Non que celle-ci fût en passe de devenir « évangélique » au sens protestant du terme, mais il pensait voir, depuis le travail de certains théologiens jusqu’à la procession de l’évangéliaire dans l’assemblée conciliaire, un renouveau suscité par le Saint-Esprit, renouveau tant dans la fidélité à l’évangile que dans un témoignage vigoureux à la face du monde, ce dont les communautés protestantes se montraient alors, selon lui, incapables ((. Karl Barth, Réflexions sur le deuxième Concile du Vatican, juillet 1963, trad. franc. coll. « Les cahiers du renouveau » n. 24, Labor et Fides, Genève, octobre 1963, 30 p)) .

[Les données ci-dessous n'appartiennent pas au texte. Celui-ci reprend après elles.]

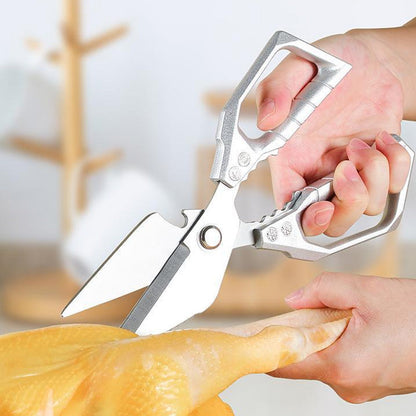 ❤️HOT SALE 50 % RABATT💥🔥 Multifunktionale Hochleistungs-Küchenschere💪✂️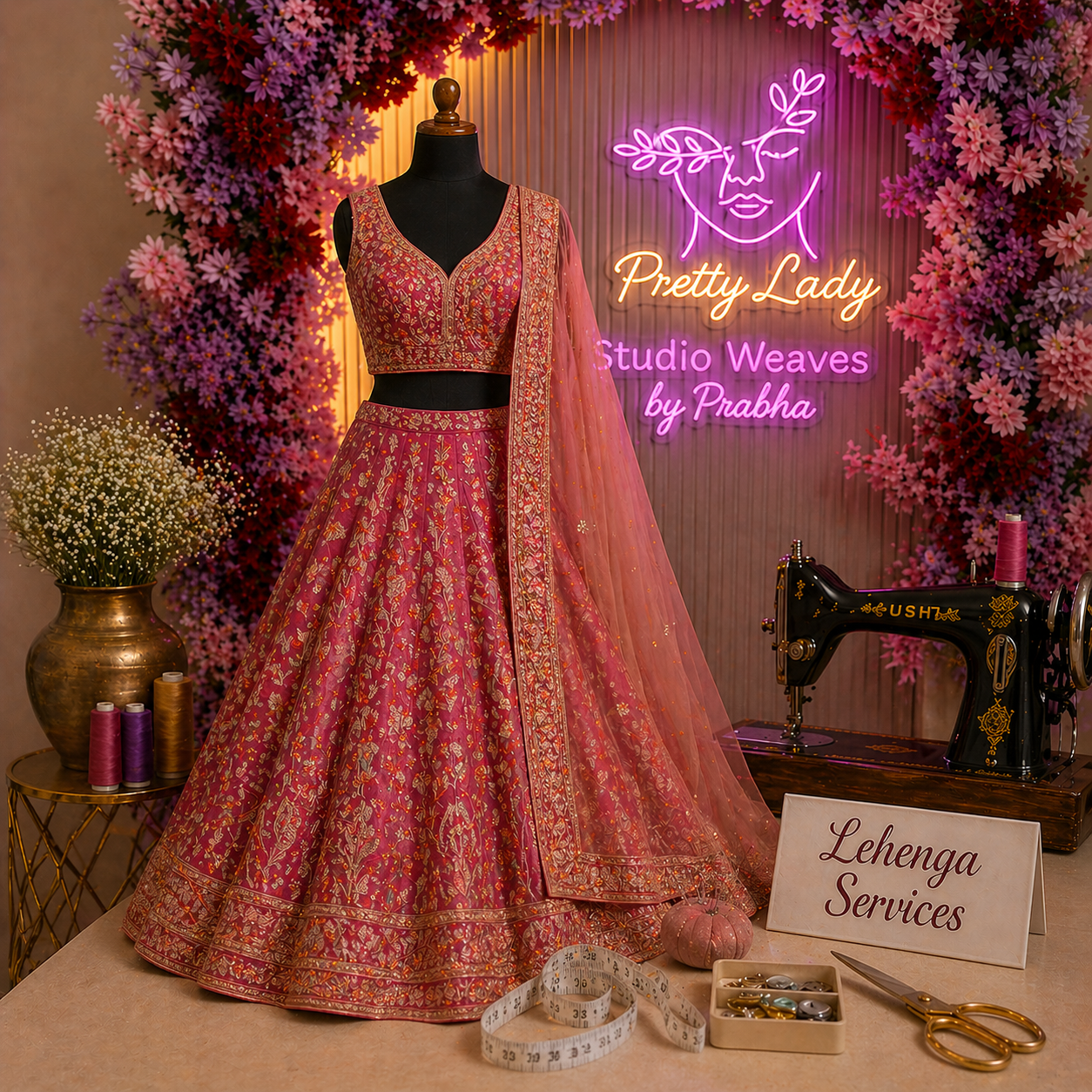 Lehenga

Mgr Gherardini, tout en répondant successivement à chacune des questions posées, met bien en évidence que l’interrogation ultime de Karl Barth à la fin du Concile était justement celle de ce renouveau. Plus spécifiquement encore, le théologien réformé s’interrogeait sur les critères de ce renouveau : « la majorité “progressiste” du Concile » ne reproduisait-elle pas « les erreurs déplorables commises par le protestantisme moderne » ((. K. Barth, Entretiens à Rome, p. 22.)) ? Un tel pressentiment, ou jugement, naissait en lui de ce que le « centre de gravité » de l’assemblée ne lui apparaissait pas clairement, de ce que l’ensemble des textes était traversé par deux dynamiques inconciliables : celle d’un renouveau « à la lumière de la Révélation » – qui avait fait son espoir premier – et celle d’un changement « à la lumière du monde moderne » ((. Ibid., p. 21.)) – que maintenant il voyait s’imposer. […]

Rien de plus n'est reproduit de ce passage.